6 de fevereiro de 2012

Do the Gods wear capes? Ben Saunders (Continuum)

Integrado numa colecção dedicada aos estudos interdisciplinares de literatura, filosofia e religião, inflectidas todas estas áreas no cadinho dos estudos culturais e nas novas abordagens pós-escola de Birmingham, que permitiram reavaliar as negociações e apropriações não-hegemonizantes que ocorrem na(s) cultura(s) popular(es), este volume, que tem como sub-título Spirituality, Fantasy, and Superheroes, tenta analisar num grupo relativamente diminuto mas coeso de personagens/histórias a potencialidade de interpretação sobre os usos que esses mecanismos ficcionais específicos permitem enquanto acesso à espiritualidade. O autor parece entender a dimensão espiritual da vida como algo descritível (mas não definível) enquanto estar-se em consonância com o outro, com o seu sofrimento, o seu pedido, os seus sentimentos e emoções.

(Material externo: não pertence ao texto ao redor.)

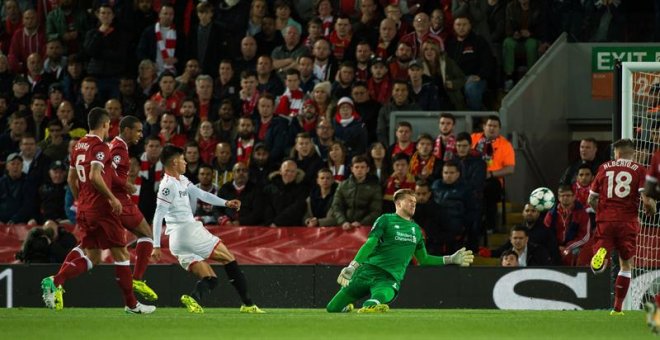 Joaquin Correa anota el gol del empate ante el Liverpool. /EFE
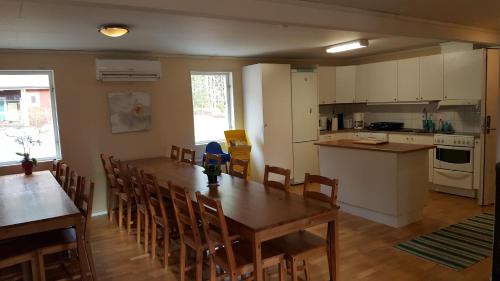 eine Küche und ein Esszimmer mit einem Tisch und Stühlen in der Unterkunft Modal Annex in Hultsfred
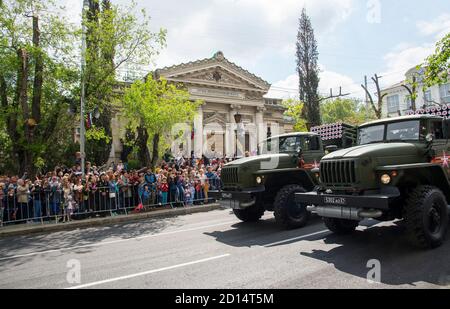 SEWASTOPOL / KRIM - 09. MAI 2017: Parade am Tag des Sieges Stockfoto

“O super-herói da banda desenhada norte-americana tem antecedentes óbvios nas literaturas antigas grega, nórdica e afro-asiática. Mas o Super-homem, a Mulher Maravilha, o Homem Aranha e o Homem de Ferro, e os seus muitos companheiros são figuras de fantasia que negoceiam fenómenos modernos tal como a emergência da ciência, o declínio das estruturas tradicionais da religião, os processos de industrialização e de urbanização, as pressões do nacionalismo, e os efeitos do capitalismo. Não são guerreiros nomádicos, que atravessam as terras, mas heróis que habitam cidades, com poderes e ferramentas e ‘identidades secretas’ que surgem como respostas específicas às condições espartilhadas da existência metropolitana” (pg. 142). É esse quadro que permitirá a Saunders ver no Super-homem uma criatura benevolente e compreensiva, ou no Homem-Aranha uma encarnação do “Cristo sofredor” (sob os conceitos de Kierkegaard). Todos os conceitos envolvidos, é claro, são alvo de uma abordagem suficientemente esclarecedora, já que os termos nem sempre se traduzem da mesma forma em contextos variados. Importa sempre fixar, mesmo que apenas na circunstancialidade de um trabalho, o escopo de cada um desses mesmos termos.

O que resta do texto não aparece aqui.